# Help with blacklight bulb please



## Otaku (Sep 10, 2004)

The incandescent blacklight bulbs don't produce any UV light at all and they run very hot. They do make a nice purple light, though. If you want UV you need to use the fluorescent tubes. You can also get screw-in UV CFL's, too.


----------



## MoonMoon (Sep 6, 2008)

Otaku is right, incandescent blacklight bulbs don't produce any UV light at all and are pretty much not worth buying. You'll get a better result with a fluorescent UV light or even better a LED UV light. From what I've seen the LED UV's give off the best glow, they are more expensive but the results you get are much better.
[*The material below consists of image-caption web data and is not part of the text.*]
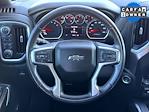 2021 Chevrolet Silverado 1500 Crew Cab 4WD Pickup for sale #FP7424 - photo 23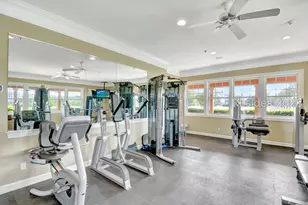 30 Windmill Ln, Bluffton, SC 29909 - Photo 48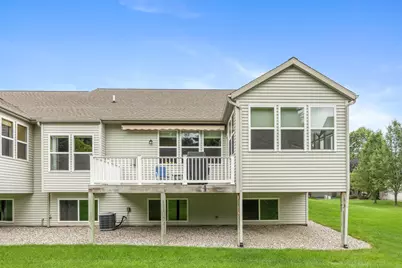 2955 Woodridge Circle NE, Grand Rapids, MI 49525 - Photo 24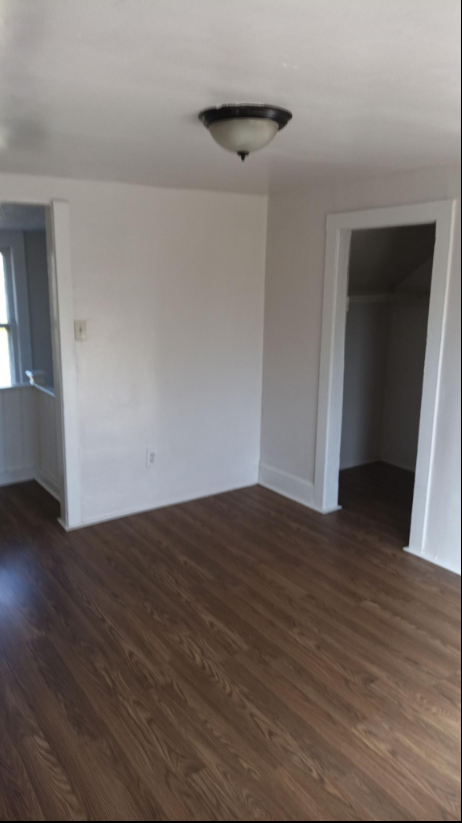 1158 State Route 32 #12 - Photo 2 of 21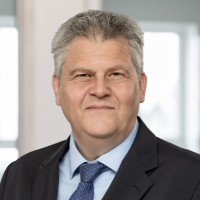 Stephan Hartl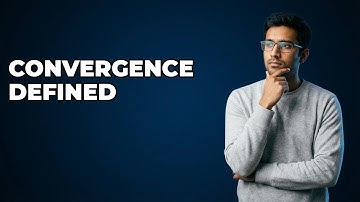 What Defines Convergence In Gradient Descent Optimization?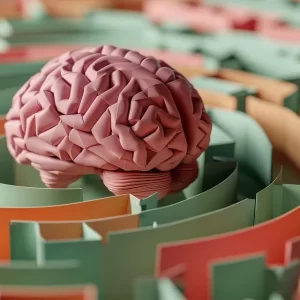 Webinar: Homeopathy, Mental illness and Neurodegenerative Disorders
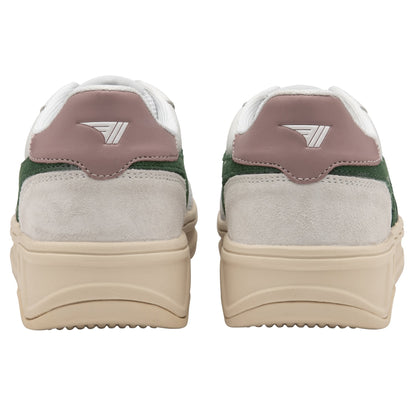 Gola Gola Classics Topspin Trainers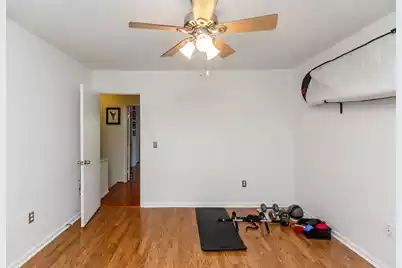 207 Saint Charles Court, Charleston, SC 29407 - Photo 23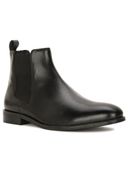 Black color option, Sold out, Currently selected
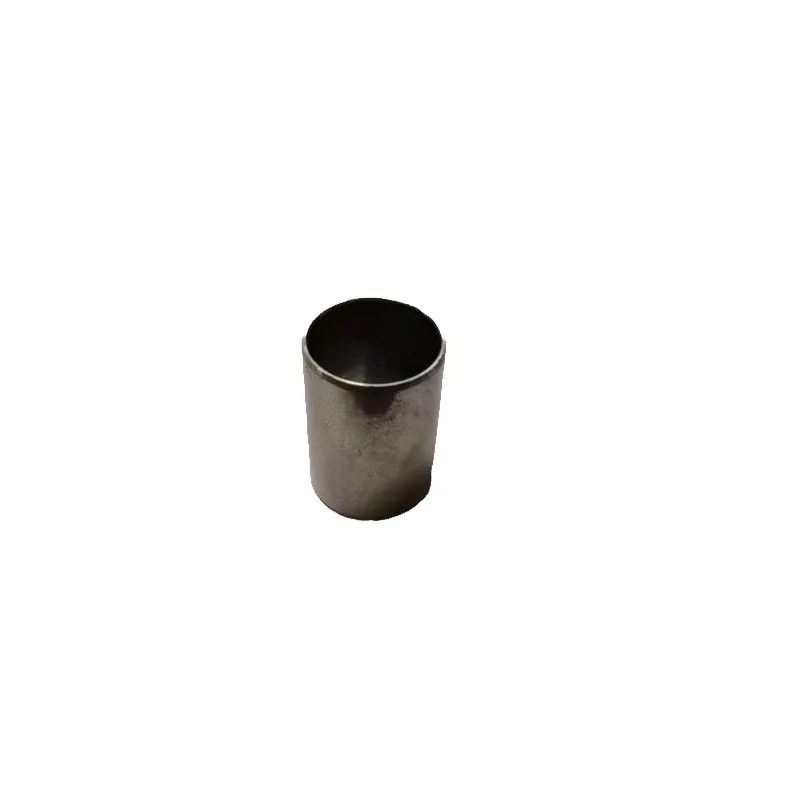 Shaft Liner XCMG 800374139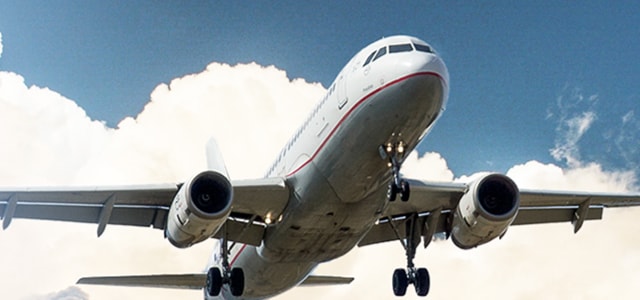 マイルが貯まるクレジットカードランキング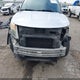 1FM5K7B84EGB07347 2014 Ford Explorer auction photo thumbnail 6
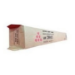 Ricoh 841855 Toner magenta, 22.5K pages for Ricoh Aficio MP C 4503/4504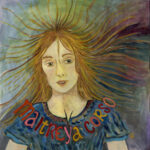 Maya Hawke ‘Lioness’ Review: Inside the New Album Maitreya Corso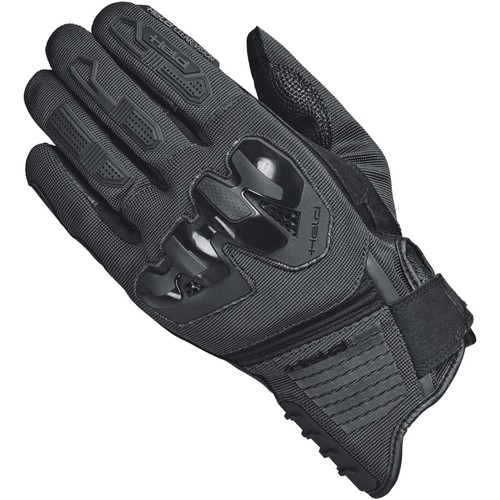 Motorrad handschuhe held - 9,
This is the one we're planning on buying this year GGL18SUV - Ultra Violet 18 UV LED Blacklight Bulb


----------



## lady jack o lantern (Aug 28, 2008)

I see what you mean but because i live in the uk i cant use those light bulbs we have bayonet cap light fixtures so i dont know where to get bulbs like the ones you are talking about...


----------



## lady jack o lantern (Aug 28, 2008)

I found these are these ones any good what do you think?
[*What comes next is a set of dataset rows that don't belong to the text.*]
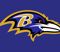 Baltimore Ravens Schedule And Ticket Info 2025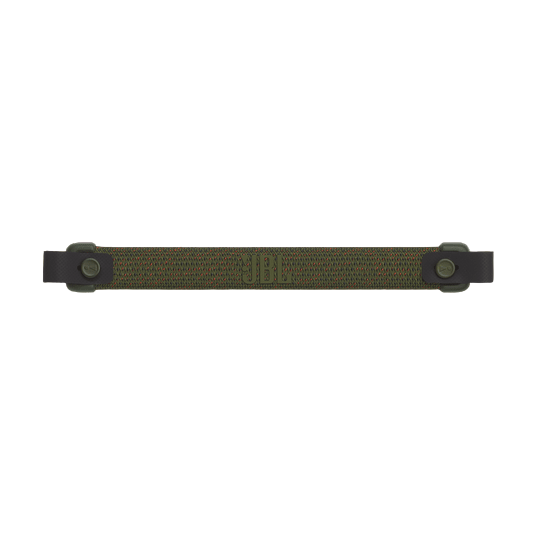 PARLANTE BLUETOOTH JBL CHARGE 6 CAMUFLADO - 5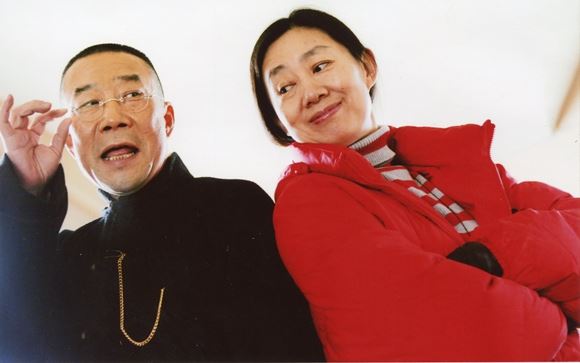 顶一下 于蓝和李雪健是什么关系?<br/></a><div class='imgfooter'><a>共4张</a><a href='/html/202209/120889.htm'>1</a><a style='background:green;color:white' href='/html/202209/120889_1.htm'>2</a><a href='/html/202209/120889_2.htm'>3</a><a href='/html/202209/120889_3.htm'>4</a></div></div>
</div>
<div class='pfbtn'><a onclick=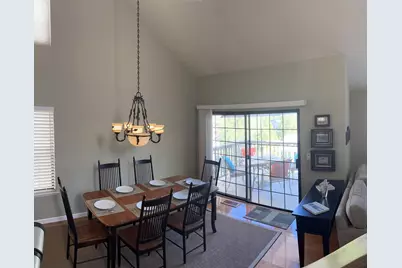 40586 Saddleback Rd, Bass Lake, CA 93604 - Photo 14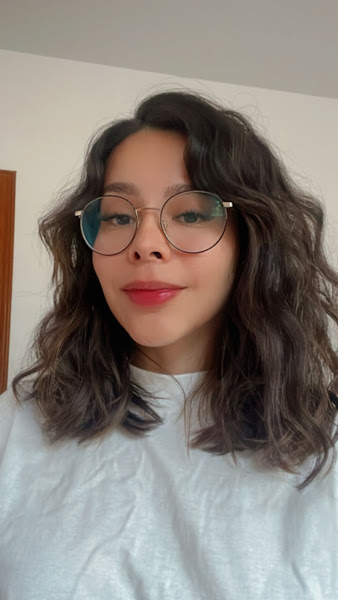 Foto 3 de Dra. Gabriela Lofiego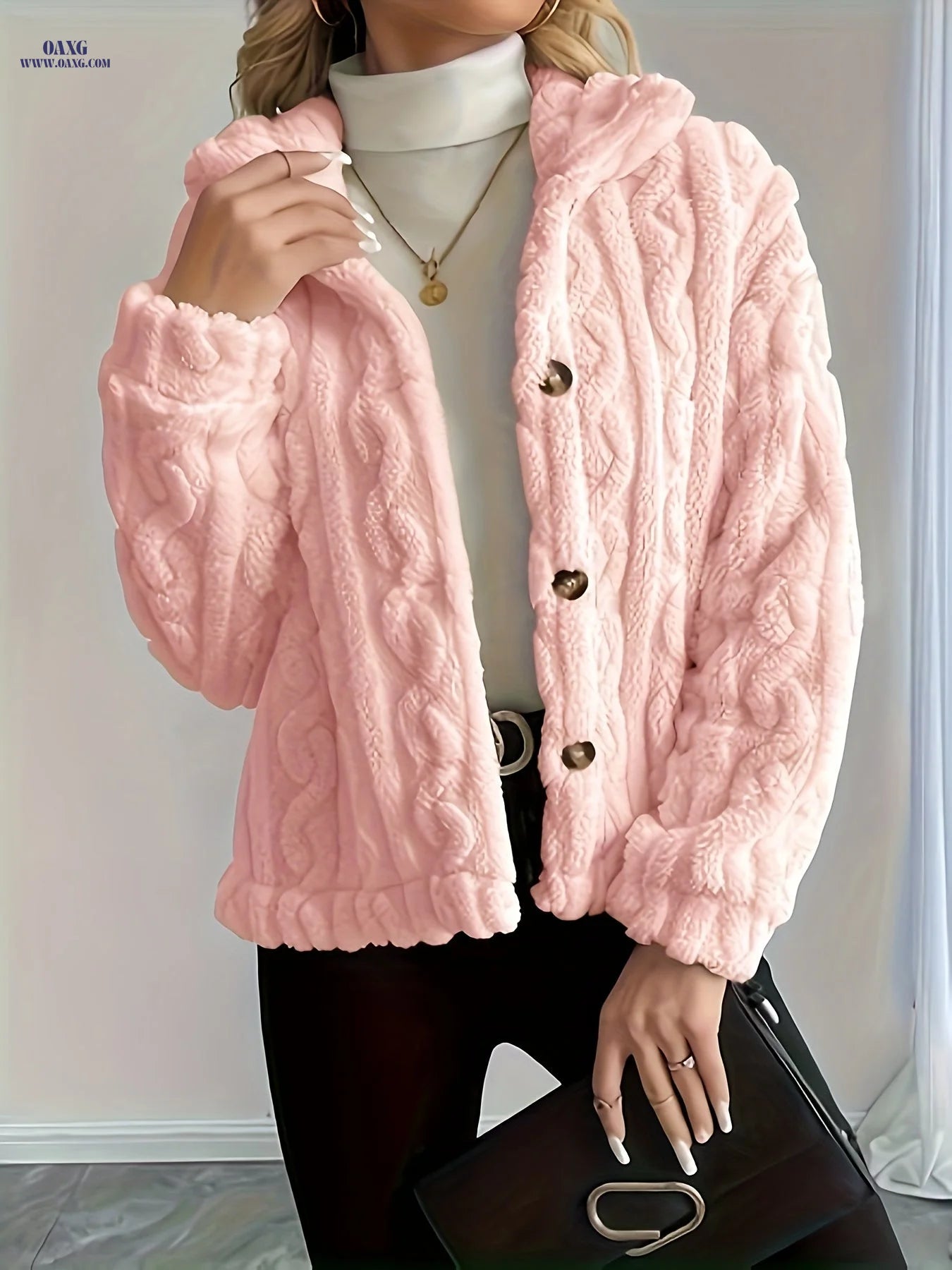 description_selected0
Blacklight box, ultra violet, 450mm, 15W: Electronics & Photo: Amazon.co.uk


----------



## Val (Feb 19, 2008)

jack o lantern said:


> I found these are these ones any good what do you think?
> 
> Blacklight box, ultra violet, 450mm, 15W: Electronics & Photo: Amazon.co.uk


I have those exact lights. Bought at Wal Mart. They work great.


----------



## lady jack o lantern (Aug 28, 2008)

Thanks val the only trouble is now getting the money together to buy one off ebay before they all sell as i am totally skint at the moment.

must be all the halloween stuff i keep buying lol...


----------



## a witch from canada (Jul 13, 2005)

i use the twisted energy saver bulbs , (the twisted compact fluorescent bulbs) they do make black light bulbs , they are less hot then the others and produce decent light .....do you have those bulbs (the regular white ones ) in stores in the UK ? 

HALLOWEEN LIGHT BULBS LOT OF 2 ORANGE OR BLACK - eBay (item 200255272119 end time Sep-26-08 19:06:57 PDT)


----------



## lady jack o lantern (Aug 28, 2008)

We have these ones (A Witch From Canada) dont know if they would make things glow though.
Amazon.co.uk: Blacklight Blue Energy Saver Bayonet Fit (BC) 11 watts: Electronics & Photo

see all these blacklight bulbs that i look at say they are uv but when you try them they just give off a purple glow.


----------



## a witch from canada (Jul 13, 2005)

jack o lantern said:


> We have these ones (A Witch From Canada) dont know if they would make things glow though.
> Amazon.co.uk: Blacklight Blue Energy Saver Bayonet Fit (BC) 11 watts: Electronics & Photo
> 
> see all these blacklight bulbs that i look at say they are uv but when you try them they just give off a purple glow.


i think they would work too , here are pic of the twisted compact i use , those pic are from 2005 ,sorry pic are blurry but you see no purple there


----------



## Bliss3333 (Sep 18, 2008)

I use the cheapie Dollarama black light bulbs in some of my lamps in my haunt. 
No glow, but they give a creepy ambient light. 

I have picked up the fluorescent fixtures with bulbs at Walmart as well for $15 CAD.
Cheaper than buying the fixtures and bulbs separately. Saw the lone tube at Home Depot and it was $20! 
I keep hoping for sales at Walmart, but I think it is one of those things that never goes on special.


----------



## Haunty (May 31, 2006)

You've learned a valuable lesson... incandescent black light bulbs don't work.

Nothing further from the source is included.